Task item: Would you repeat word for word the lines of the listing that follows, from the one with "GearWrench 84352N 3/8''" up to and including the one with "Handmade Wooden Decorative", and leave out the images?

Data supplied:
%%

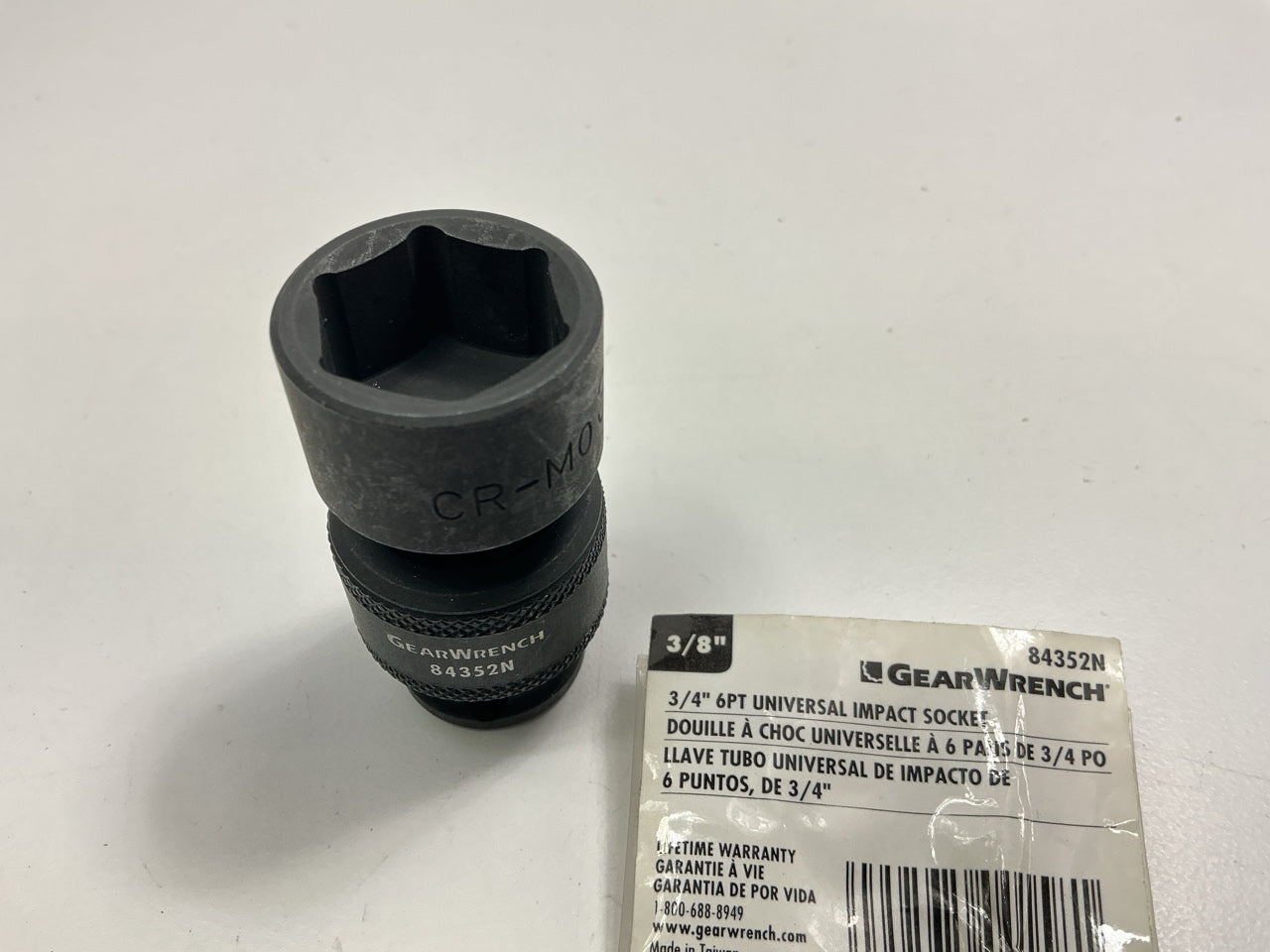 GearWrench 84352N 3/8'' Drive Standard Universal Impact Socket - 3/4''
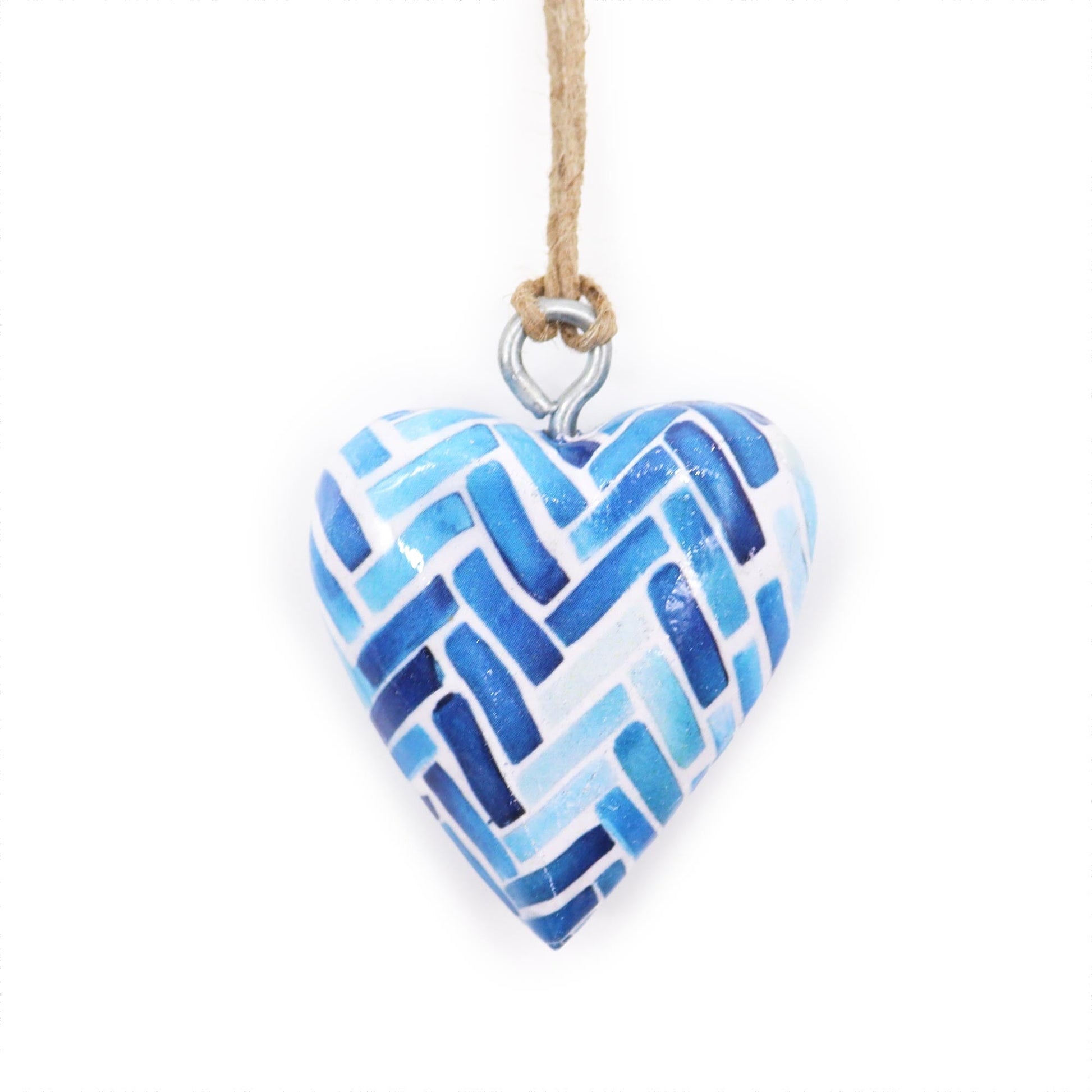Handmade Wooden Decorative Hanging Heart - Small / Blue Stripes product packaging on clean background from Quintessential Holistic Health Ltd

%%
%%

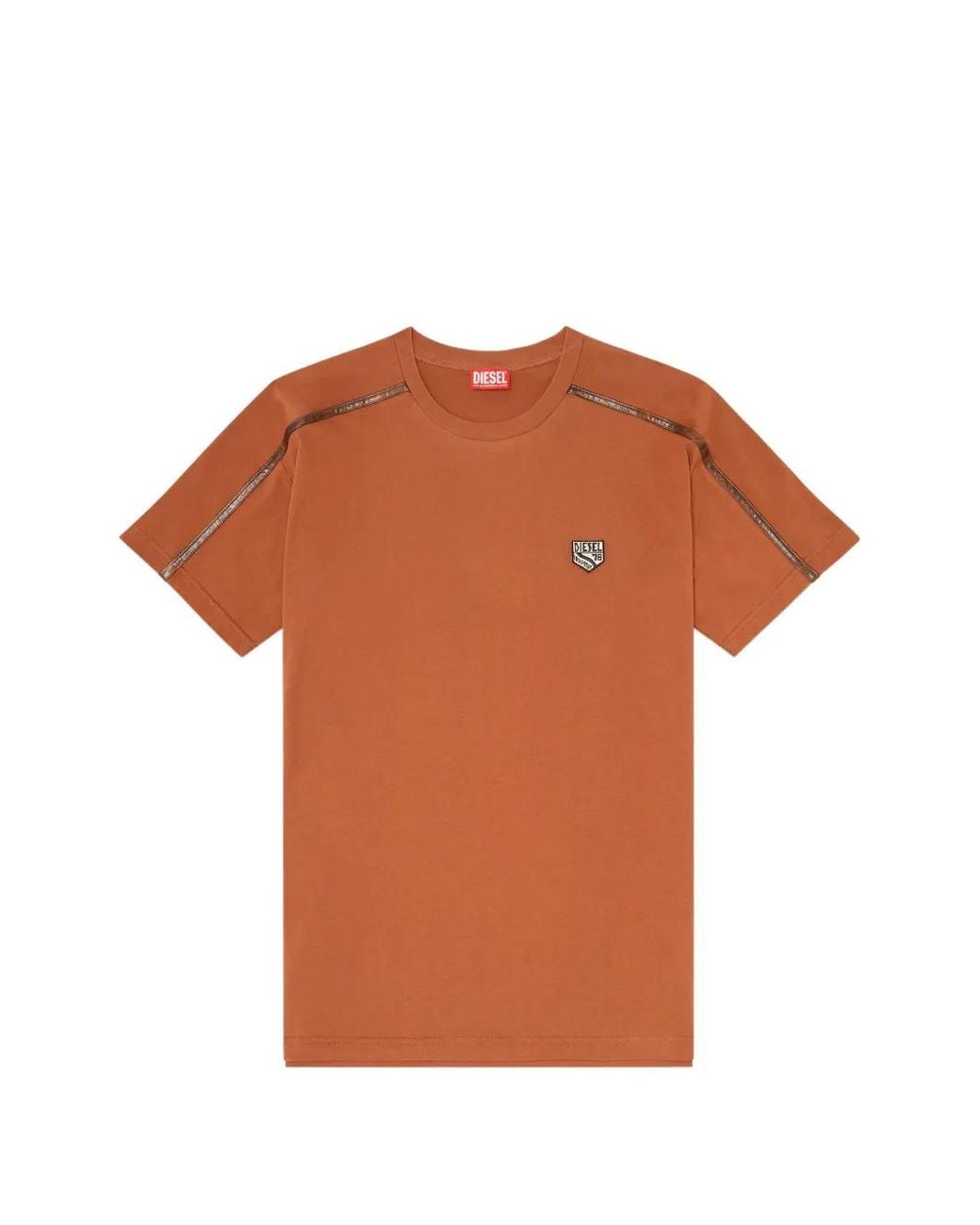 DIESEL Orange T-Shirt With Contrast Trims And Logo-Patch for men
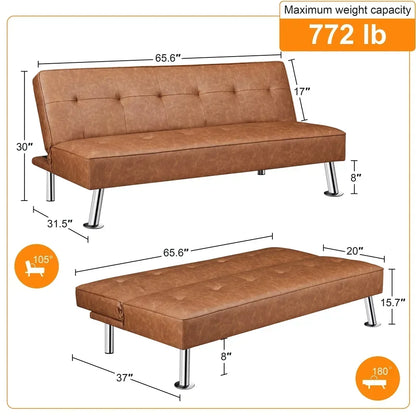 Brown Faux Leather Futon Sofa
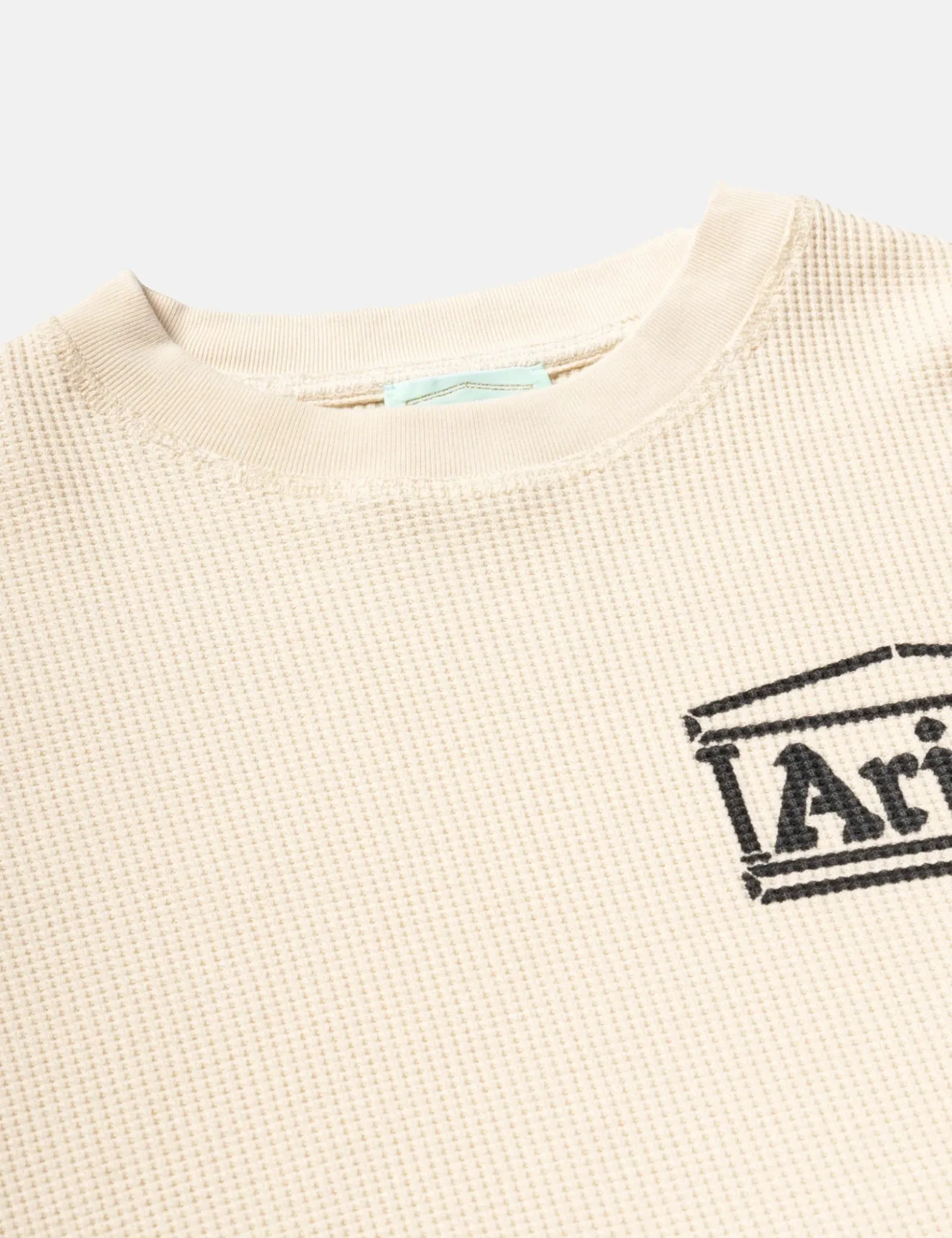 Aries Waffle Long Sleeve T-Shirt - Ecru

%%
%%

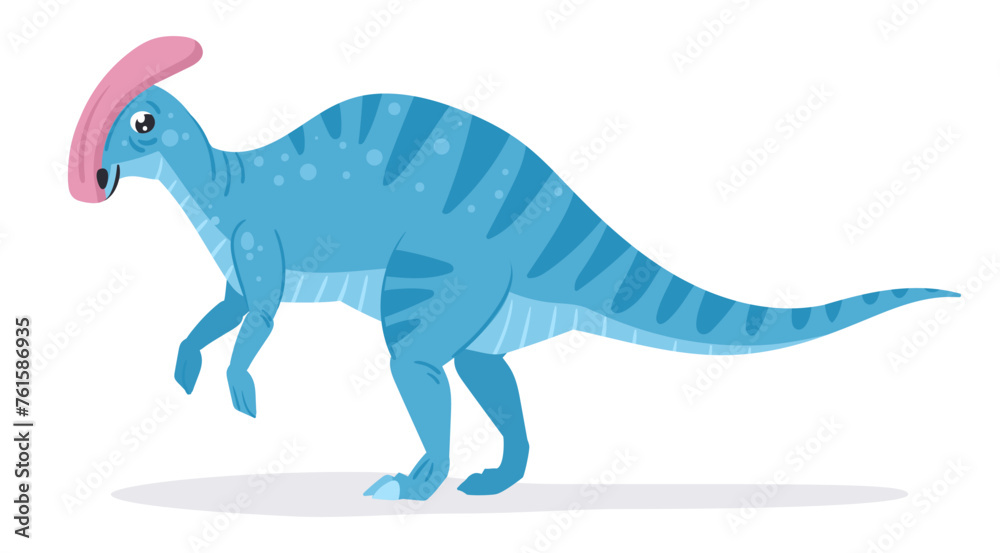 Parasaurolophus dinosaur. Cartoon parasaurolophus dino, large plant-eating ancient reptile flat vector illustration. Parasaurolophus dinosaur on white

%%

Solution to the exercise:
 GearWrench 84352N 3/8'' Drive Standard Universal Impact Socket - 3/4''
Handmade Wooden Decorative Hanging Heart - Small / Blue Stripes product packaging on clean background from Quintessential Holistic Health Ltd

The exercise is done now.